=== DATA RECORDS ===
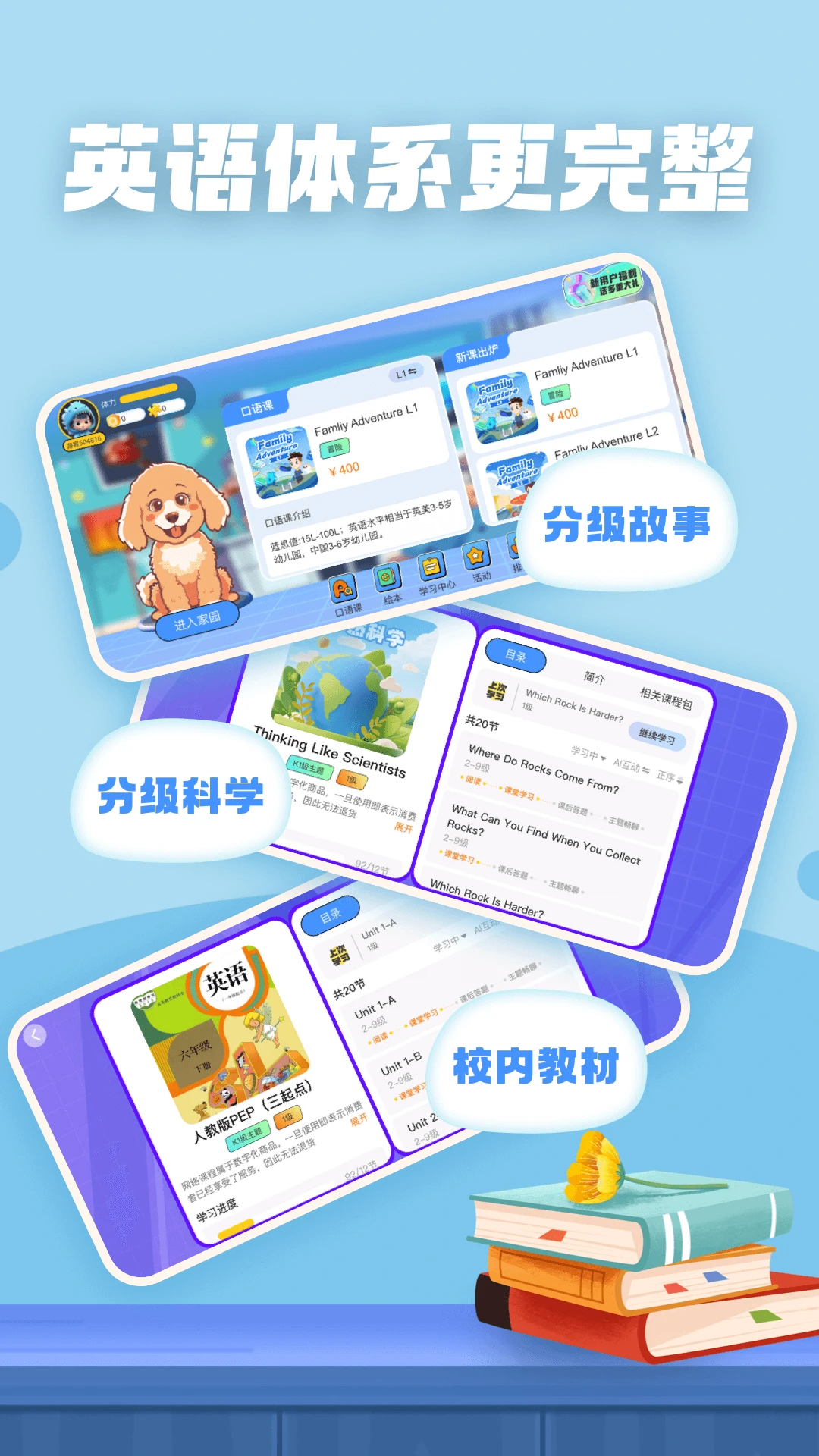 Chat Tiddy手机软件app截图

---

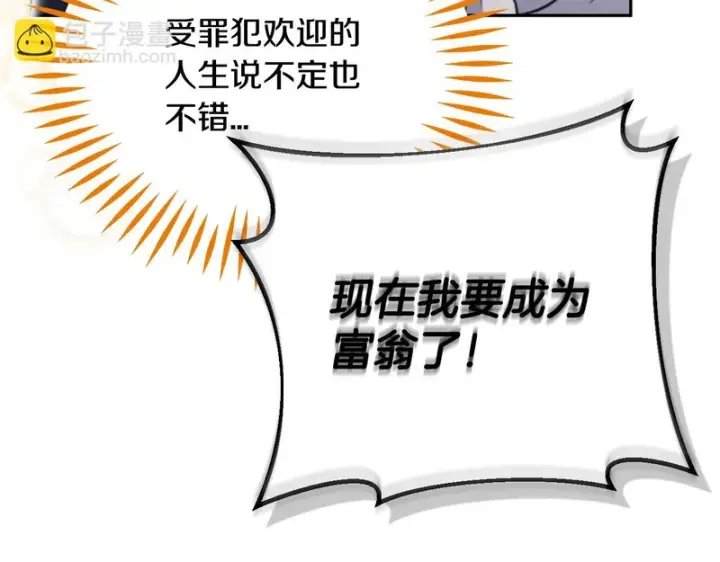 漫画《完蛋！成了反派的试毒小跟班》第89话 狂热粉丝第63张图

* * *

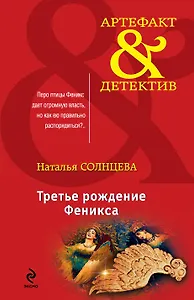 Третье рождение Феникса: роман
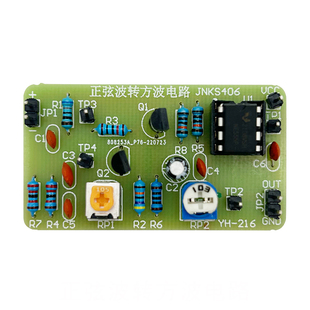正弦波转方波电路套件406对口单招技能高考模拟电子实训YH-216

=== DIRECTIONS ===
Repeat exactly the lines above, from the line that contains "Третье рождение Феникса: роман" down through the line that contains "正弦波转方波电路套件406对口单招技能高考模拟电子实训YH-216". Include both of those lines and none of the pictures.

=== ANSWER FOR THE TASK ===
 Третье рождение Феникса: роман
正弦波转方波电路套件406对口单招技能高考模拟电子实训YH-216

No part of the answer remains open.